Understanding Cache control and enabling it for optimal results
November 7, 2009 Leave a comment
Cache control is a mechanism used to control the caching behavior of a web browser. By default, all modern browsers know what content to be cached and reuse when again it requires. Browsers are using their own unique algorithms to decide whether the cached content can be safely re-used or not. Normally, browsers cache all the images in a web page and just check its freshness against the server’s copy whenever a new request comes. If the content is modified on server, it will simply re-download it.
The mechanism of content caching is pretty simple but an effective configuration of server will only allow utilizing this feature fully and properly.
Mainly five response headers and their values control the caching behavior in an http client-server communication.
1. Date
2. Last-Modified
3. Cache-Control
4. ETag
5. Expires
Date & Last-Modified
A web server sets the Date and Last-Modified headers default in its response unless directed otherwise. The Last-Modified header value helps a browser to identify weather the content is modified or not on server. Browsers can send conditional requests and verify the freshness of a resource whenever requires. This header is a minimum requirement at least when no other cache control headers are present.
Cache-Control
Cache-Control header values are a set of control instructions which one end can force the other to obey. A browser can request its cache preferences to server. Also, a web server can force the browser to follow some caching behaviors. This may include commonly used directives like “no-cache”, “no-store”, “max-age” or “must-revalidate”. These control instructions always get high preference over any other cache control header values and browser algorithms.
ETag & Expires
They are two different methods to implement improved client side caching. ETag (Entity Tag) is actually a checksum of the resource’s attributes and it is a unique value dynamically generated by server or application. For a ‘static file’ resource, this can be the ‘sum’ of size, modification time and inode number. An application can generate this tag value based on some specific criterias and set in resource’s response header.
Expires is an entirely different technology which guarantees a valid cached resource until the expiry time is reached.
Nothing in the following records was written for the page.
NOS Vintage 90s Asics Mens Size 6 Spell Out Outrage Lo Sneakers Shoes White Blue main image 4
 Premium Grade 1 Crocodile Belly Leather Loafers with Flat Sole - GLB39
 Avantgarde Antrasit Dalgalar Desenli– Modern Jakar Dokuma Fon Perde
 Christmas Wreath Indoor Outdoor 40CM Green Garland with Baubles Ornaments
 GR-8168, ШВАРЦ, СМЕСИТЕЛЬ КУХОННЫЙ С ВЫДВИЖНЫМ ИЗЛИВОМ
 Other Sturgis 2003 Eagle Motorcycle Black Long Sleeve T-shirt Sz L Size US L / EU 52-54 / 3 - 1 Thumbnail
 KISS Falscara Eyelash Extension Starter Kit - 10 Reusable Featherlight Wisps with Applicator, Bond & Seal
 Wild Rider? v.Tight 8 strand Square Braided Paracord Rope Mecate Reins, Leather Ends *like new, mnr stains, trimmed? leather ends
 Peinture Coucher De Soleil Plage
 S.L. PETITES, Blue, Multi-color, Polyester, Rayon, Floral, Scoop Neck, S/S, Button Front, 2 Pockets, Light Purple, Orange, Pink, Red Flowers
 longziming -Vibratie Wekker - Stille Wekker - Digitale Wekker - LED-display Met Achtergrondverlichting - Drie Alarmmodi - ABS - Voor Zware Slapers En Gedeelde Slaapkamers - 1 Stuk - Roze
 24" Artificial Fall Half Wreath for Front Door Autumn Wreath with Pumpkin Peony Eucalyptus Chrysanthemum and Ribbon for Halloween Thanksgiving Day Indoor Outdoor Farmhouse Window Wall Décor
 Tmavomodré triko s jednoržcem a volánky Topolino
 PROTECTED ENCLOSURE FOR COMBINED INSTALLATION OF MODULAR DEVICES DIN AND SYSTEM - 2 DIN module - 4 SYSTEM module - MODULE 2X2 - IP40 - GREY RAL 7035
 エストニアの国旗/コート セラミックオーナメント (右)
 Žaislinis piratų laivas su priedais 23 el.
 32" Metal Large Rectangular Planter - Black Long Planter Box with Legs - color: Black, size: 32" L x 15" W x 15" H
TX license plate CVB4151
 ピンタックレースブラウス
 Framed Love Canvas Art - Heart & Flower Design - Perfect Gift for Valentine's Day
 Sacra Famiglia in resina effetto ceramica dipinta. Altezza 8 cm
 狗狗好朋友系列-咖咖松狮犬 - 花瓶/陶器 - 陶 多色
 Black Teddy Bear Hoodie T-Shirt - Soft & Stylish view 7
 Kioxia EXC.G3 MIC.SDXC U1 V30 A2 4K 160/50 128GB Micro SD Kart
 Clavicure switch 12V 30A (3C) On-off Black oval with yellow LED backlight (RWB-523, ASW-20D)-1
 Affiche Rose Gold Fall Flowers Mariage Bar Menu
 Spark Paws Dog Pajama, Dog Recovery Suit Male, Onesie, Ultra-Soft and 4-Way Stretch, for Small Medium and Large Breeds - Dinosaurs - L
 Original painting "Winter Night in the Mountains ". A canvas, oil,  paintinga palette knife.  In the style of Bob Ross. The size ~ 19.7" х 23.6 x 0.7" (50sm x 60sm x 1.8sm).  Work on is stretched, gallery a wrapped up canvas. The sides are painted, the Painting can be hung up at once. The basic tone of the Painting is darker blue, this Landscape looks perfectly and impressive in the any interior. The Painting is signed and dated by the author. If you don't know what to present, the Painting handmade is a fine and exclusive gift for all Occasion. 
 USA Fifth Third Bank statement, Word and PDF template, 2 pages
A combination of Expires and Last-Modified values help managing the cache control of static files simply and more efficiently.
How to setup my server to use appropriate cache control headers
Many people prefer avoiding ETag unless it is required for any specific reason. Also many believe it can help improve the server’s performance itself if removed. The concept of ETag is similar to what Last-Modified header does. A conditional request based on the last known ETag value can send to server to verify the freshness of a resource. Server will answer with a 304 response (Not Modified) if not modified. ETag ensures more accuracy when compared to Last-Modified header, but for static file resources, most of the time it is not necessary to generate this extra header. ETag is useful when you need strong validation of some kind of dynamic generated contents. There is a known issue too with ETag where you use multiple servers to load balance the traffic. The generated ETag will be different on different servers and this will create confusion to clients.
You can set or unset the ETag header as shows below:
To generate ETag for static files in Apache using all available attributes,
FileETag All
To unset this behavior explicitly,
<IfModule headers_module>
Header unset ETag
</IfModule>
FileETag None
Note: ‘headers_module’ needs to be enabled this to work.
The combination of Expires and Last-Modified headers with appropriate values give the best result. See below how to set Expires directives in Apache
<IfModule expires_module>
ExpiresActive On
ExpiresByType application/javascript A604800
ExpiresByType application/x-javascript A604800
ExpiresByType text/css A604800
ExpiresByType image/gif A604800
ExpiresByType image/jpeg A604800
ExpiresByType image/png A604800
ExpiresByType image/x-icon A604800
ExpiresByType application/x-shockwave-flash A604800
</IfModule>
If ‘expires_module’ is enabled and ExpiresActive set to ‘On’, Expires functionality turns on. ExpiresByType directive allows specifying different ‘interval’ values for different MIME Types. See http://httpd.apache.org/docs/2.2/mod/mod_expires.html to understand how to use the interval syntax and a default expiry time using ExpiresDefault.
Expires module sets a ‘max-age’ value equal to the ‘interval’ specified and adds to the Cache-Control header value.
Cache-Control max-age=604800
Note, if you remove or unset Last-Modified header when Expires is active, browsers will be forced to not use any conditional checking at all. This behavior is not recommended even through if we can eliminate the extra overhead of sending a conditional checking. Browsers will handle this situation intelligently and they will only re-validate the cached content when you re-request (Refresh) a web page or max-age is reached. RFC standards recommend Last-Modified header to be send with every response header.